What’s true for me? Can anything that matters ever be taken away from me? Valuable objects, beliefs, memories, or people we hold precious to our heart? Of course, it pains when they are gone – they have provided us with the experience of joy and happiness, sometimes the experience brings tears and anger – it’s the whole 9 yards. Throughout life, we developed many relationships, hopefully beautifully ones, based on mutually reciprocating dependence, love, and trust. Remember, no experience can ever be taken away from you – but the object of experience can. Eventually every experience in life also comes to an end, but the source of the one who is experiencing all this can never be taken away. That which can never end, simply returns back to the source, until it is needed again. As many times as necessary until you finally realize you have always been here. It was all just a dream of the dreamer who dreams it all. Until the moment you wake up and see it for what it is – a dream and you are the creator.

How about you? Here and now. What is really going on when you think about your dependence vs independence?

Try to allow yourself to trust, to be vulnerable by reminding yourself how dependent you are in the most elegant, congenial way. By venturing out into the unknown, by being ok with being dependent. Start by trusting life, the life that knows so much more than your individual personality can ever apprehend.

Being humble, being grateful for being alive, here and now, for having been gifted this unique opportunity to play with your beloved ones, to express yourself, to learn how to flow like a river. To know that You are held by Earth’s gravity, no matter what. 

To be able to step outside your comfort zone that limits your full potential. Inching out, bit by bit, until you leave what serves you no more behind. Self-imposed limitations, ignorance, criticism, arrogance, resentments, sadness, fear of the unknown. 

Until you finally get a sense of real freedom, realizing that all this time You were being held and supported by so many caring hands, and loving hearts.
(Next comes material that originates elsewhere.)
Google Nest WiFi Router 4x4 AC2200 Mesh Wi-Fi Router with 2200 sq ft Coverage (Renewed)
Those that surround you those that came before you, those that are not even yet born. 

Ask yourself a question: ‘Why have I developed the following attitude and the stat of mind “I must prove to myself and the whole world that I can be fully independent?”  
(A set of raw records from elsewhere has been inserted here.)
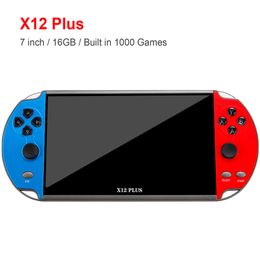 X12 X7 Plus Handheld Game Console 7.1-inch HD Screen Portable Audio Video Mp5 TV Output Players Built-in 10000 Classic 16GB Games E-Book for NES GBA FC Arcade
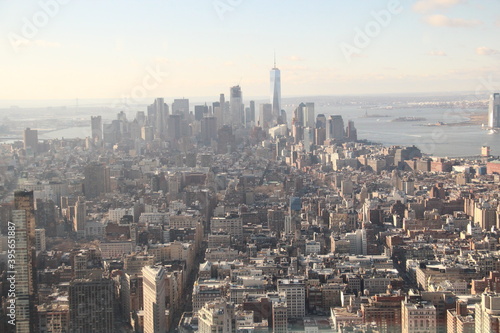 New York Harbor and its skyscrapers from 86th floor of Empire State Building.
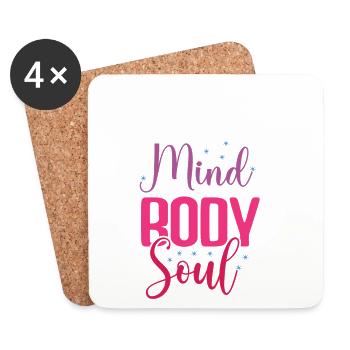Yoga - , Corps, Âme - Dessous de verre (lot de 4) - blanc - Devant
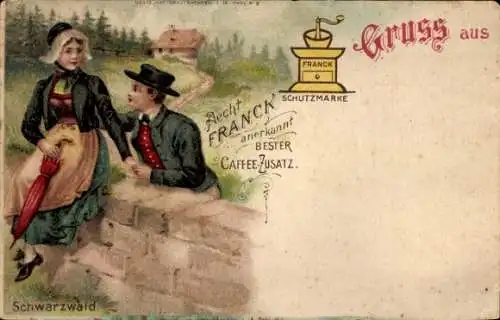 Litho Reklame, Franck Kaffee-Zusatz, Schwarzwälder Trachten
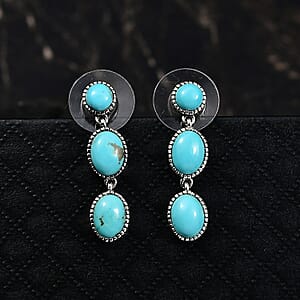 D'Joy Artisan Crafted Tahoe Nevada Turquoise 6.15 ctw Earrings in Sterling Silver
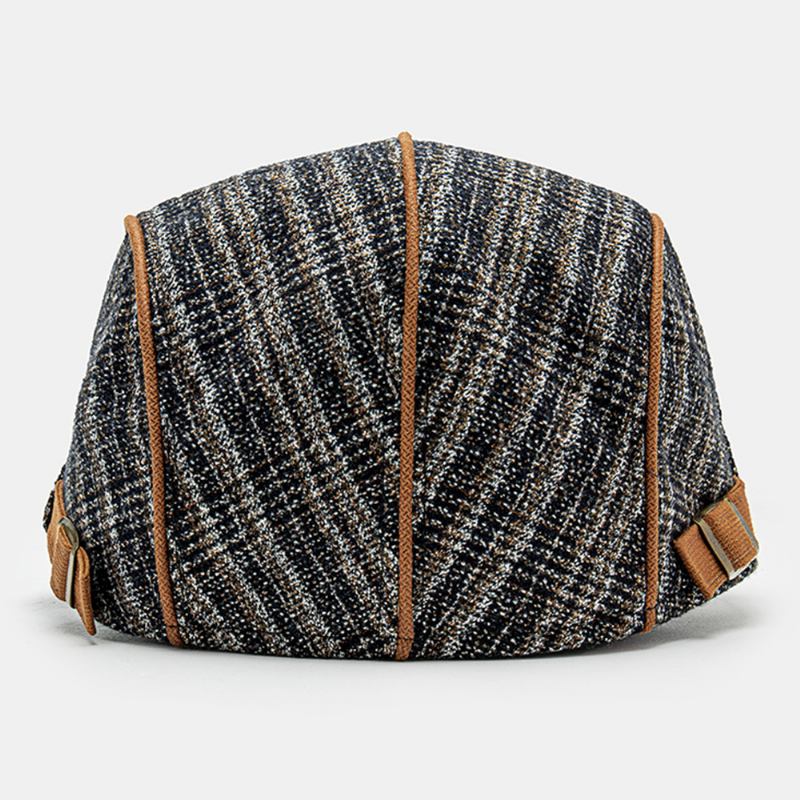 Män Stickad Gitter Sida Justerbar Casual Värme Basker Flat Cap Framåt Cap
One of the reasons is often a disconnect. Just like a temporary power cut, a tripping fuse box, that’s all. Go to the basement and find out what’s tripping your fuse box. Remove the faulty appliances that have been causing the issues or overburdening the system. Go back to the fuse, find the off button, flick on the switch, and carry on.

In peace, with joy, and sweet harmony! And if you find yourself waving the freedom flag again, which is likely to happen, just remind yourself to go back to square one.
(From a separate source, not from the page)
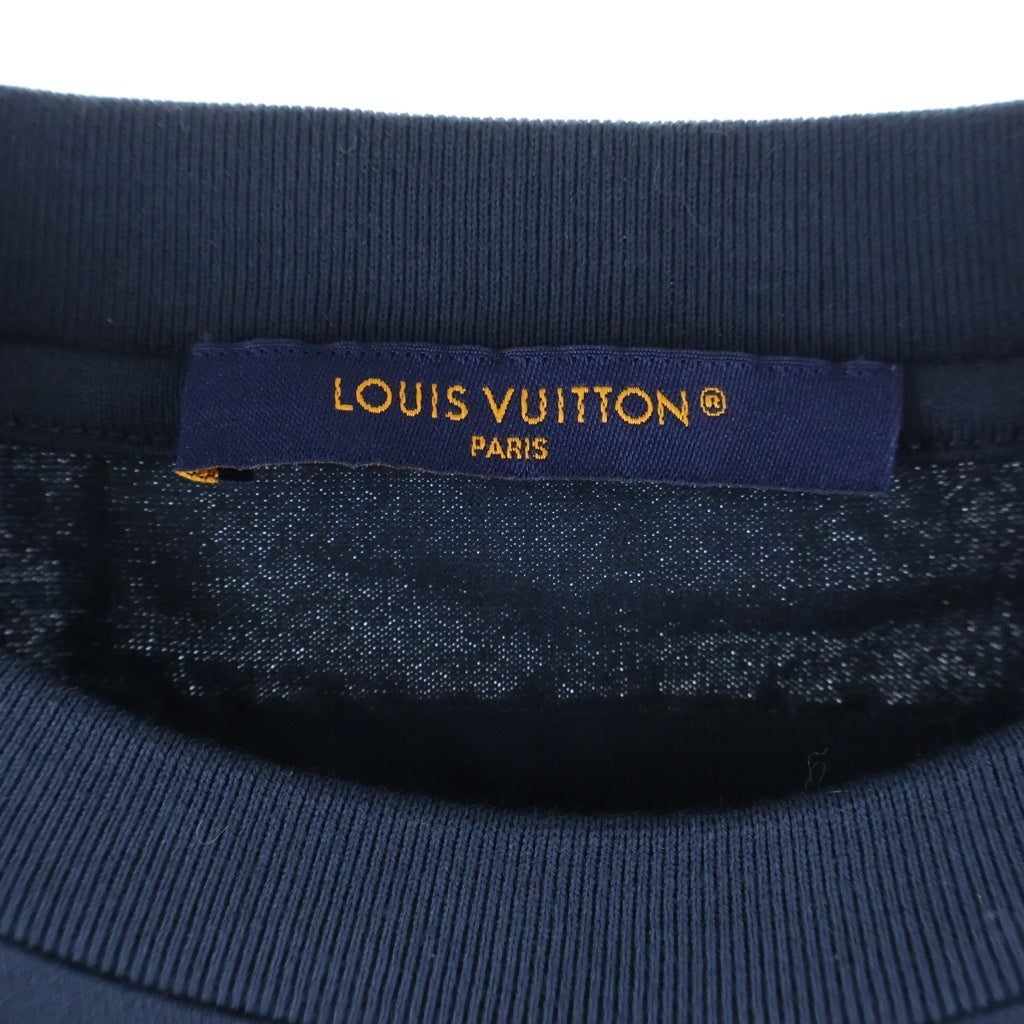 LOUIS VUITTON(ルイヴィトン) エンボス LVロゴ インサイドアウト クルーネック 半袖Tシャツカットソー RM231Q DT3 HNY55W ネイビー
I am held by the gravity on Earth, no matter what. Mother Nature provides enough for all of her children’s needs, I am her kin. I am a part of the infinite whole. No one can take what really matters away. I am being held and supported by many caring hands and loving hearts. Those that surround me, those that came before me, those that are not yet even born. I am supported by life itself.

You may ask: ‘Why all this seeking? What awaits at the end of the tunnel?’ Simply, all this happens due to a gravitational pull to the place of my inner peace and harmony. Space with less clutter, less friction in my mind. By going back to a certain level of innocence that makes my life calm by removing the struggles from within and conflicts that manifest on the outside.

Days become brighter, much lighter, more joyful – like the birds’ song. Remember, this state of being is not exclusive; it’s not something attainable by the saints and yogis only; we all carry the same seed – the potential within. It just needs some attention, nurturing, and TLC. We can all grow into it, just like the beautiful, freedom living & life giving, interconnected, and interdependent trees. 

It’s ok to say yes, to be held and to hold, to be part of the flow, to trust. When you start changing your attitudes based on these few basic life principles, your insecurity loses its grip. You start being at peace with yourself, at peace with life – no matter who with, when, or where ever you are. This is what true independence is all about. It happens every moment of every day, not only on Independence Day.